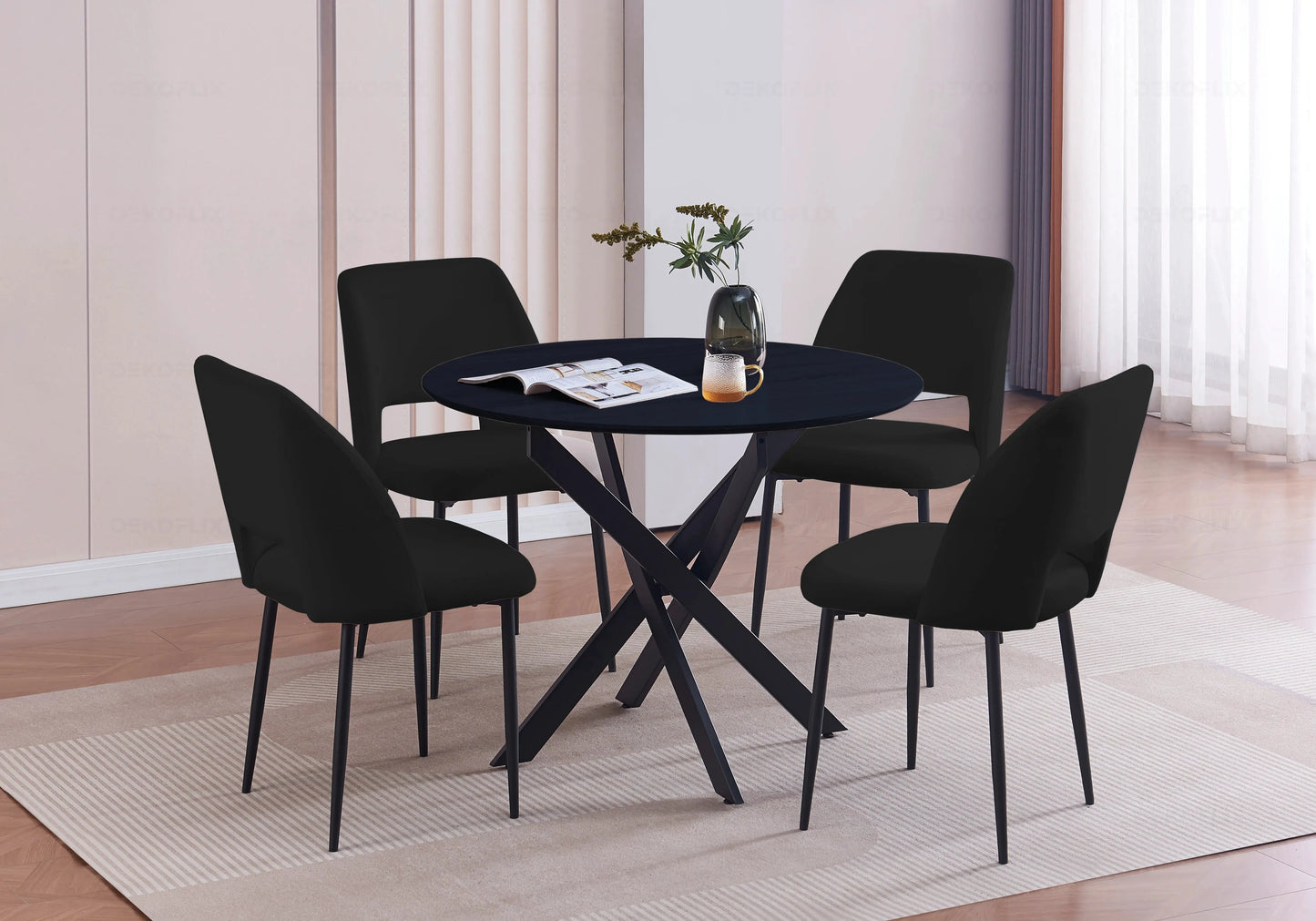 Ensemble table ronde noire et chaises noires OLIVIA Galerie du Mobilier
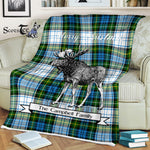Scotstee Shop - Scotstee Shop Tartan Plaid Fleece Blankets With Moose Clan Campbell Dress Tartan Plaid Christmas Blanket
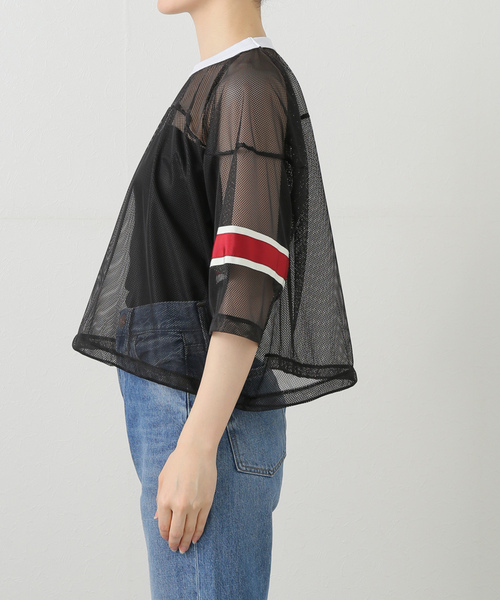 JANE SMITH / JOHN SMITH(ジェーンスミスジョンスミス)の「【JANE SMITH/ジェーンスミス】POLYESTER MESH FOOTBALL SHIRT:カットソー(Tシャツ/カットソー・レディース・ホワイト/ブラック・38)」の6枚目の写真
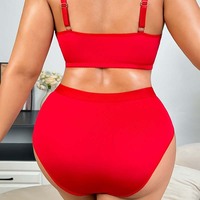 Ensemble de soutien-gorge sans armatures grande taille, à coupe haute, bonnet complet, coupe haute, en dentelle, fermeture avant, pour usage quotidien, vente en gros d'usine pour le commerce extérieur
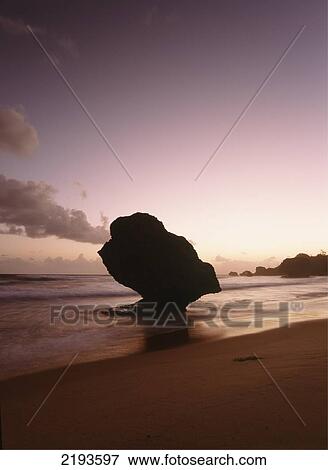 Stock Photo - Barbados, Silhouette of strange shaped rock at dawn off the beach; Bathsheba. Fotosearch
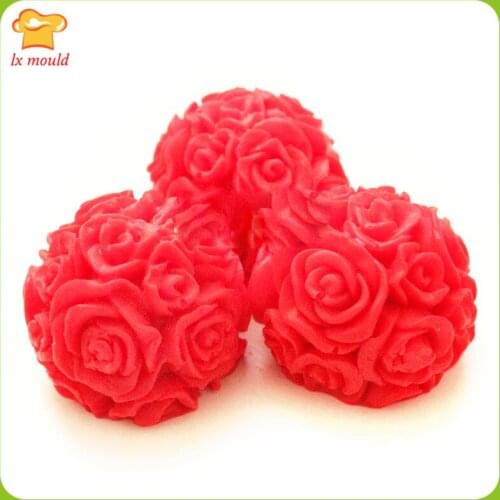 3 With Rose Flower Ball Silicone Molds Flower Soap Candle Silicone Moulds DIY Aromatherapy Plaster Mold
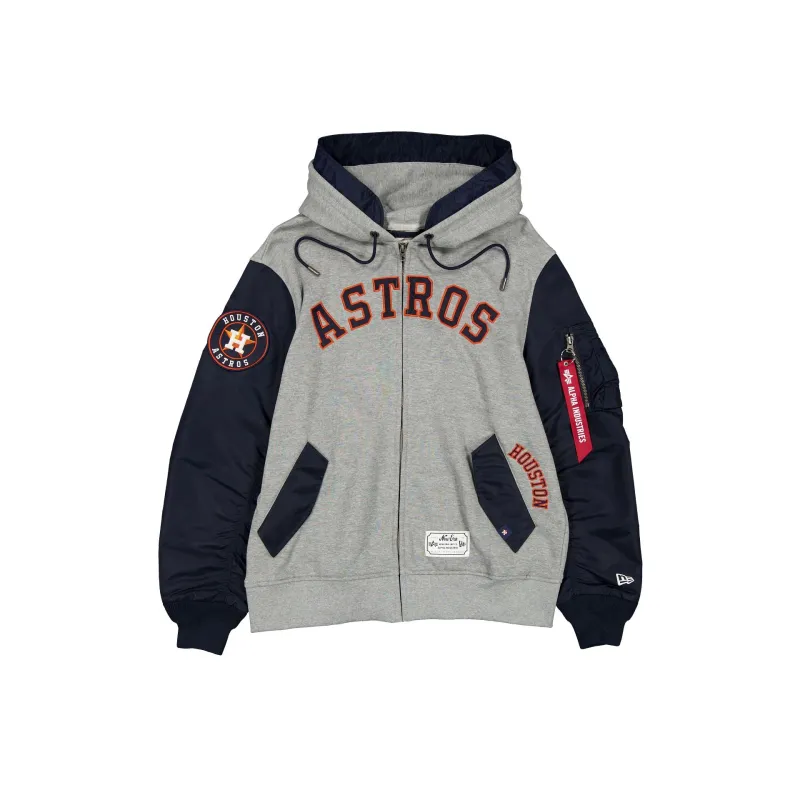 Alpha Industries x Houston Astros Gray MA-1 Full Zip Fleece Jacket sold by New Era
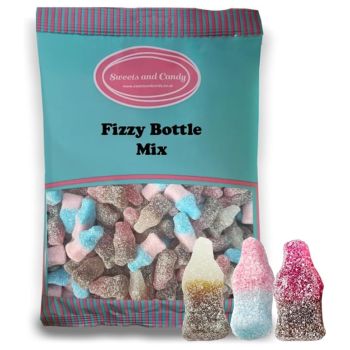Vegan Fizzy Bottle Mix - 1 kg Bulk bag of Vegan Fizzy Bottle sweets including bubblegum, cola, and cherry cola flavour!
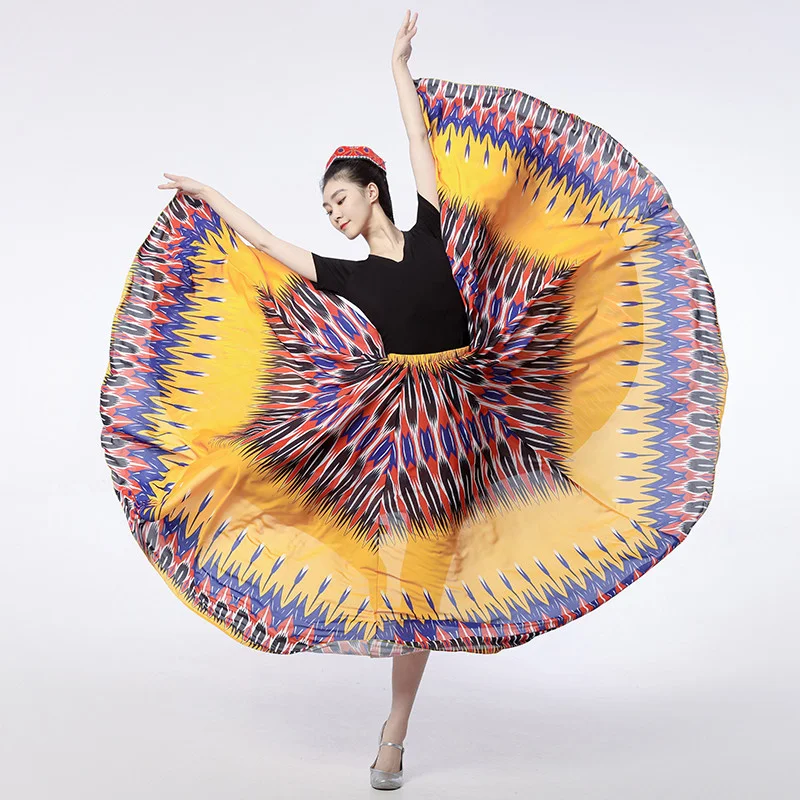 180 360 540 720 Degrees Large Swing Printed Skirt Dance Costume 2025 NEW Women's Half Skirt Chinese Style Ethnic Clothing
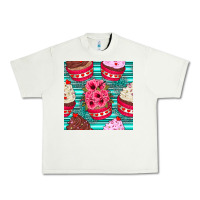 Pistachio valentines day flower cupcakes and serape seamless pattern Urban Heavy Tee - BundleAndBundleShop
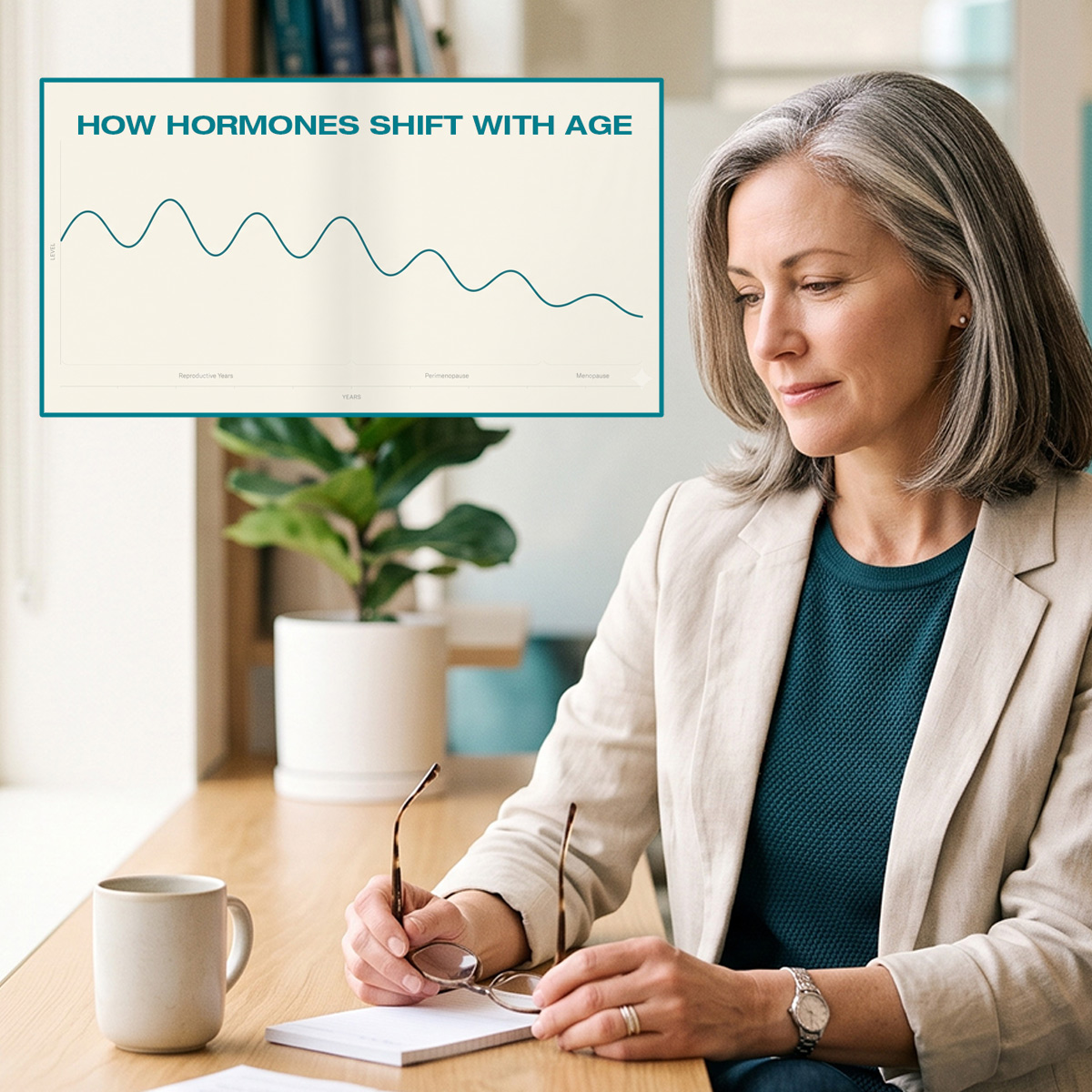 Illustrative: hormone levels swing through the reproductive years, grow erratic through perimenopause, then settle low in menopause — a single blood test catches only one point on a moving curve.
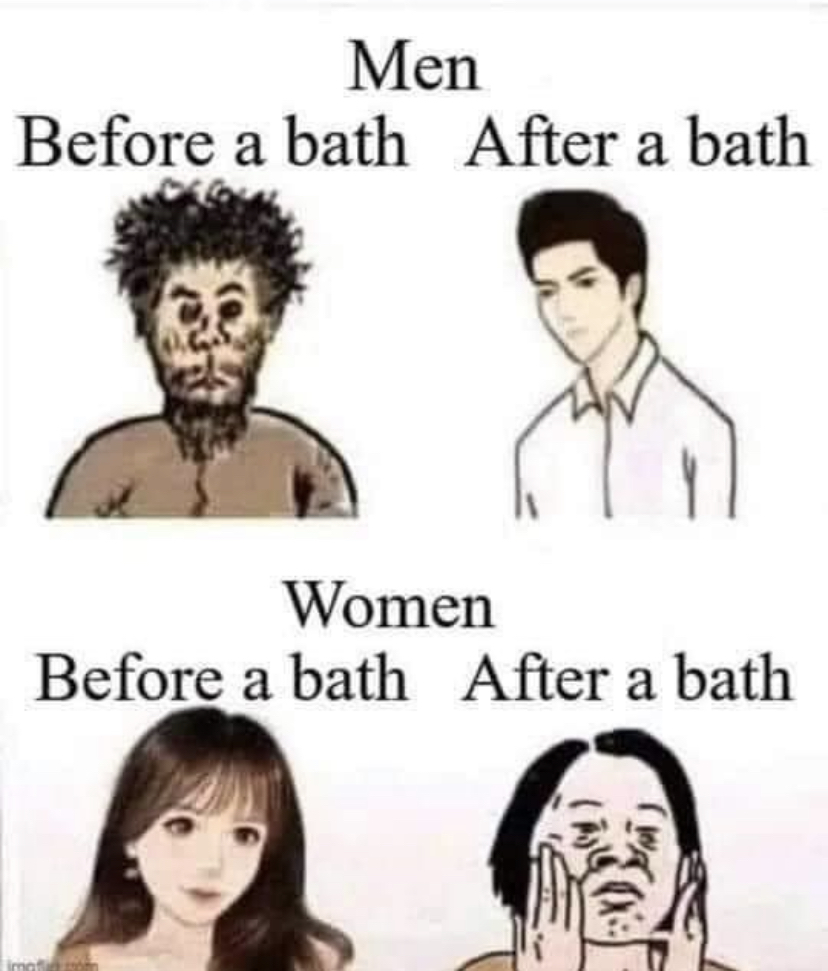 men after shower women after shower - Men Before a bath After a bath M Women Before a bath After a bath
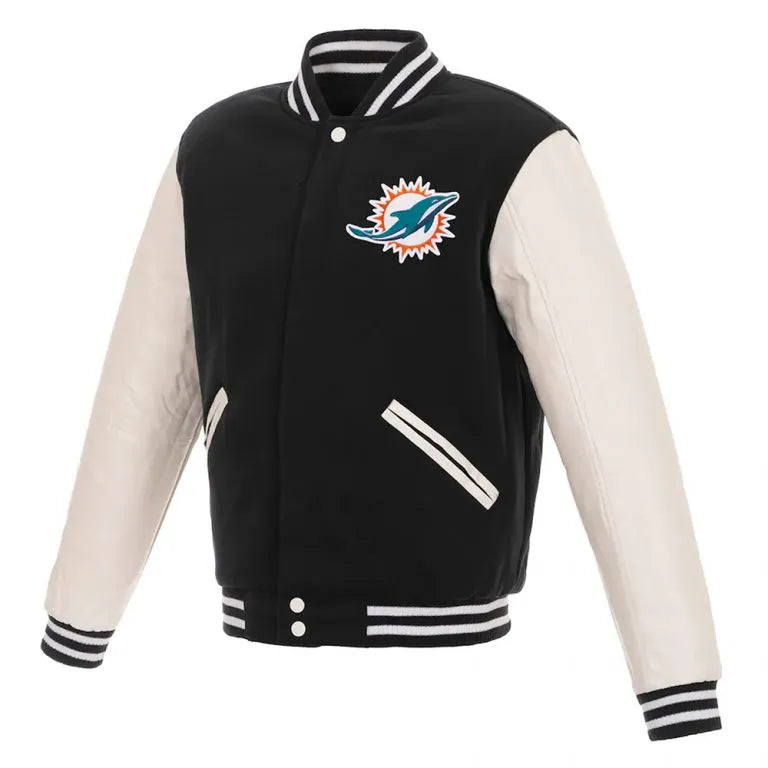 Miami Dolphins Black Wool and White Genuine Leather Sleeves Men's Varsity Letterman Jacket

=====

Exercise =
Repeat, without pictures, exactly the lines of the data above from the one containing "Alpha Industries x" through the one containing "Vegan Fizzy Bottle Mix", including both and adding nothing.

Expected answer =
 Alpha Industries x Houston Astros Gray MA-1 Full Zip Fleece Jacket sold by New Era
Vegan Fizzy Bottle Mix - 1 kg Bulk bag of Vegan Fizzy Bottle sweets including bubblegum, cola, and cherry cola flavour!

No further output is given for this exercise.